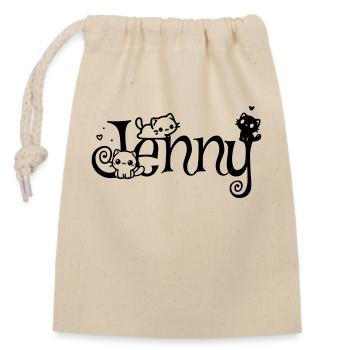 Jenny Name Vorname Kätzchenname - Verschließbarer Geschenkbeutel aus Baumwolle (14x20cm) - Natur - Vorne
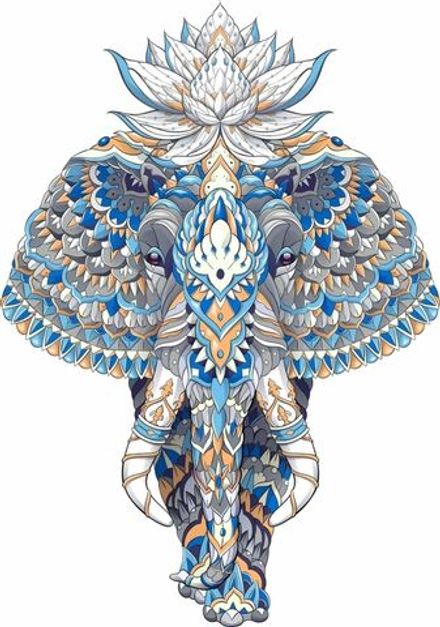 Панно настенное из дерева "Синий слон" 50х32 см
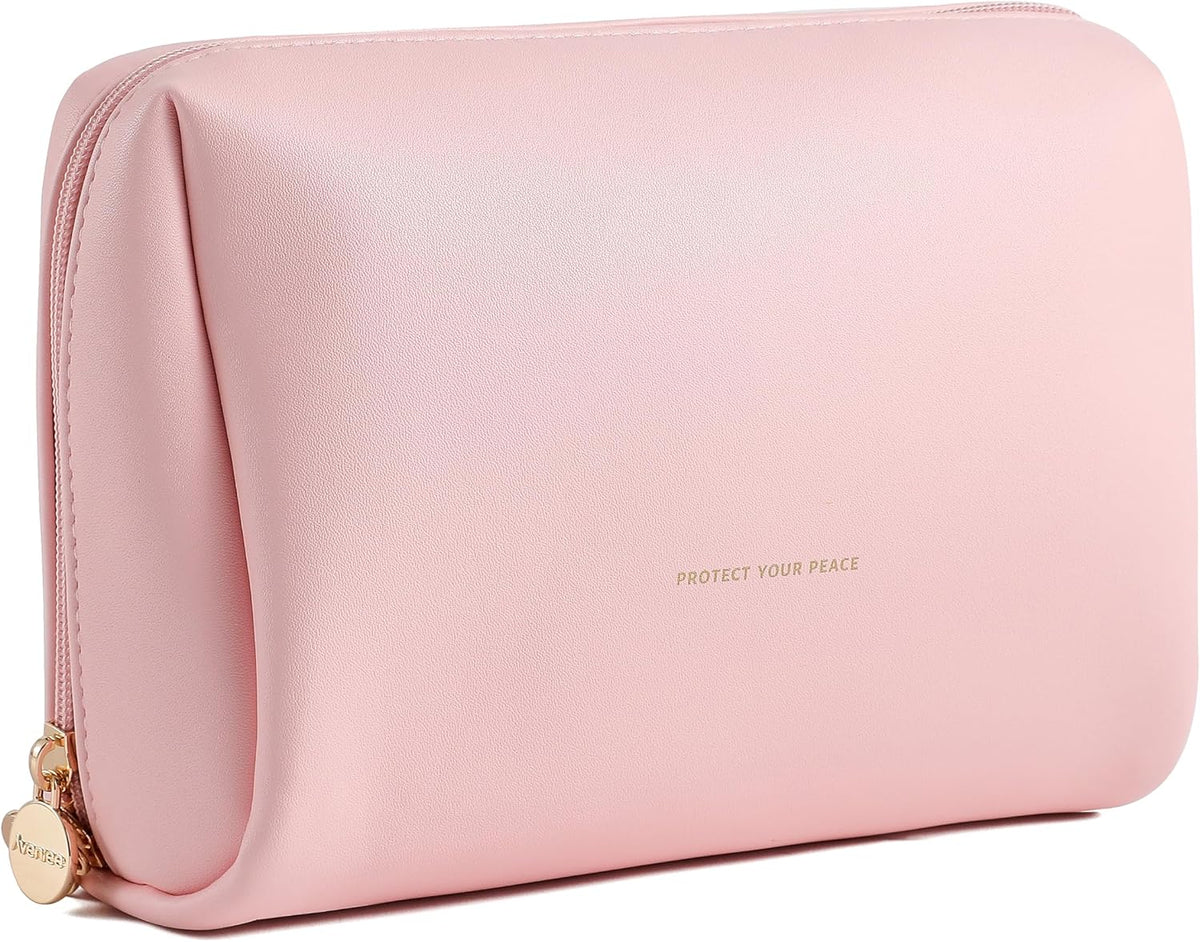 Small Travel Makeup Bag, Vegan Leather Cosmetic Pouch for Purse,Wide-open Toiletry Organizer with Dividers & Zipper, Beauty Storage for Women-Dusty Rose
==
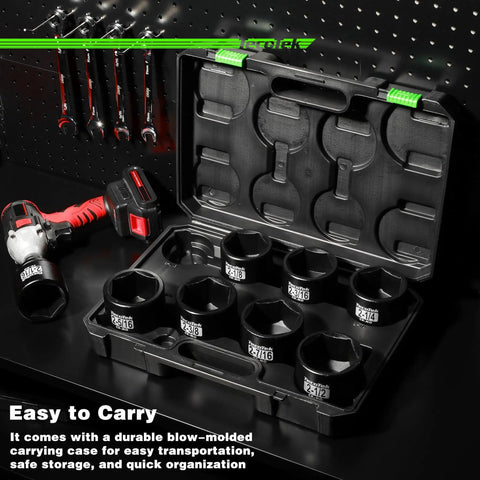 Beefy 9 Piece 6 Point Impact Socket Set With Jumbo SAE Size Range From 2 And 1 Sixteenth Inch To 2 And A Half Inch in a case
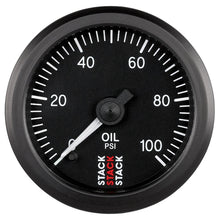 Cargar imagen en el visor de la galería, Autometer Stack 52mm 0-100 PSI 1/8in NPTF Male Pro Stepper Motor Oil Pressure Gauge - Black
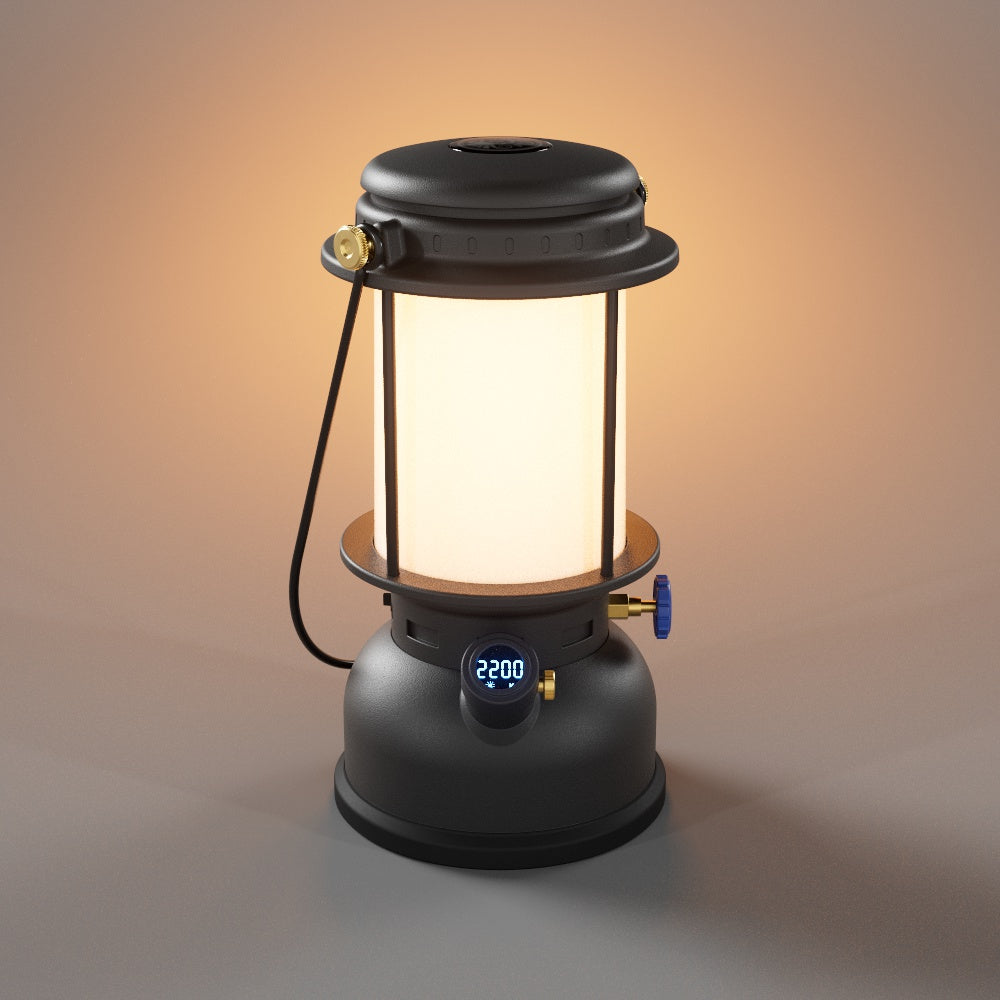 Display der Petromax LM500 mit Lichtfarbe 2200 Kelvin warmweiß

Your assignment. Everything from the line above that contains "Beefy 9 Piece" down to the line that contains "Display der Petromax" must be reproduced exactly, both ends included. Omit the pictures.

Expected answer.
 Beefy 9 Piece 6 Point Impact Socket Set With Jumbo SAE Size Range From 2 And 1 Sixteenth Inch To 2 And A Half Inch in a case
 Cargar imagen en el visor de la galería, Autometer Stack 52mm 0-100 PSI 1/8in NPTF Male Pro Stepper Motor Oil Pressure Gauge - Black
 Display der Petromax LM500 mit Lichtfarbe 2200 Kelvin warmweiß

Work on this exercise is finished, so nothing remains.